+++ GIVEN DATA +++

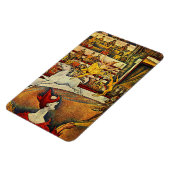 Georges Seurat's The Circus (1891) - Clown & Rider Magnet (Linke Seite)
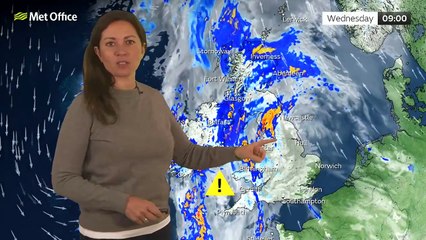 Met Office Wednesday Morning Weather Forecast 16/10/24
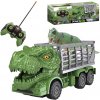 WOOPIE Auto na diaľkové ovládanie RC Dinosaurus zelený + figúrka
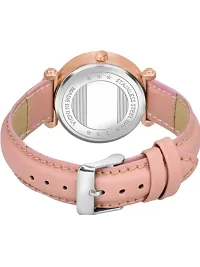 A71 Stylish  Cute Pink Leather Belt Queen Watch For Girls-thumb3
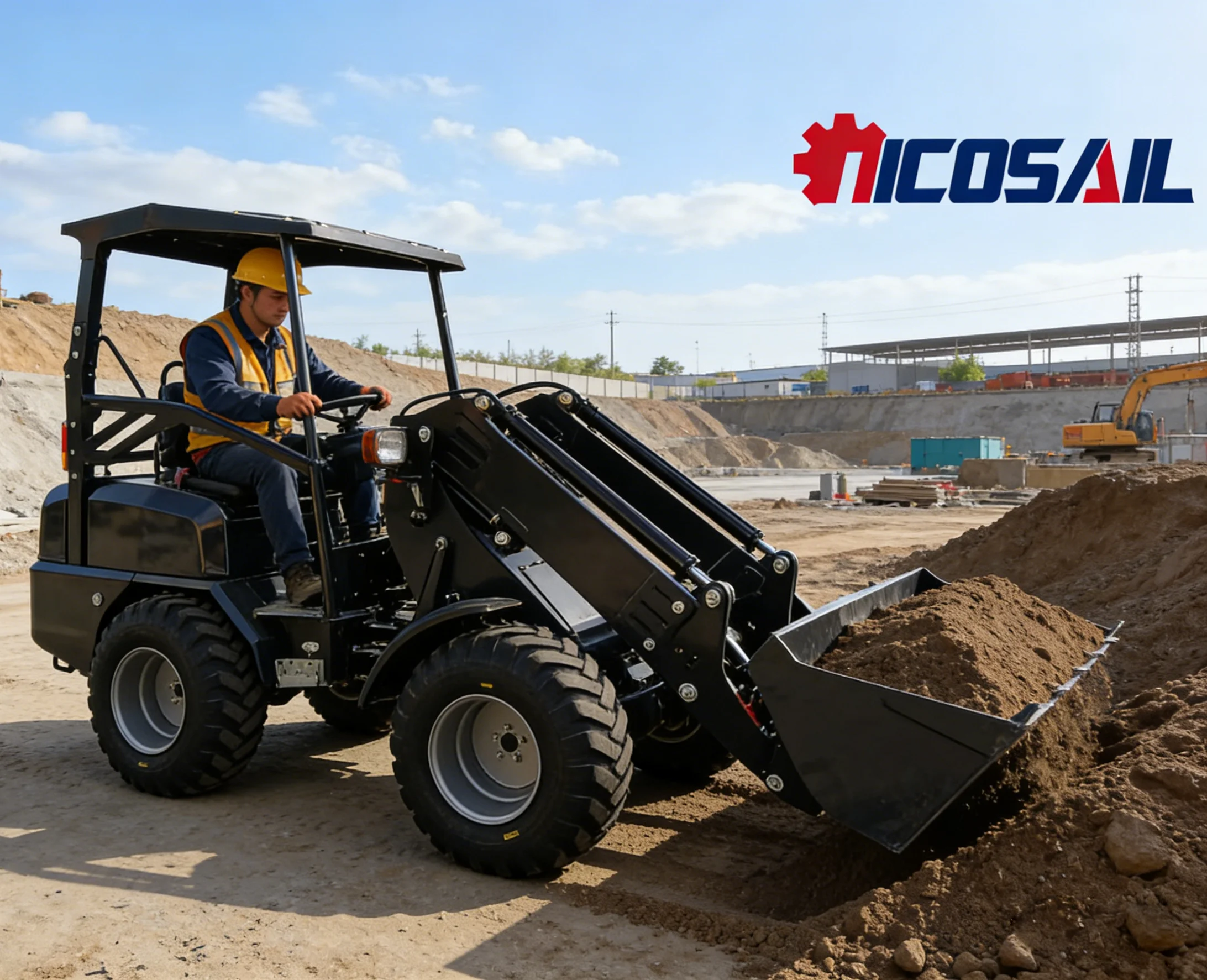 

KZL918 Telescopic Wheel Loader 2215mm Dump Height Before Extension CE EU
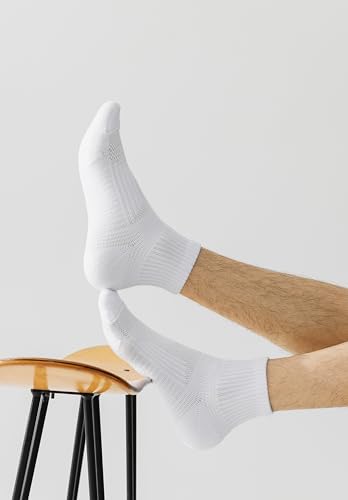 Ankle Compression Socks for Men and Women, Low Cut Running Socks with Athletic Socks Cushion Support3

+++

In the reply, each line of the data must appear exactly as written, and no picture may appear.

ANSWER AREA ->
 Georges Seurat's The Circus (1891) - Clown & Rider Magnet (Linke Seite)
 Met Office Wednesday Morning Weather Forecast 16/10/24
 WOOPIE Auto na diaľkové ovládanie RC Dinosaurus zelený + figúrka
 A71 Stylish  Cute Pink Leather Belt Queen Watch For Girls-thumb3

KZL918 Telescopic Wheel Loader 2215mm Dump Height Before Extension CE EU
 Ankle Compression Socks for Men and Women, Low Cut Running Socks with Athletic Socks Cushion Support3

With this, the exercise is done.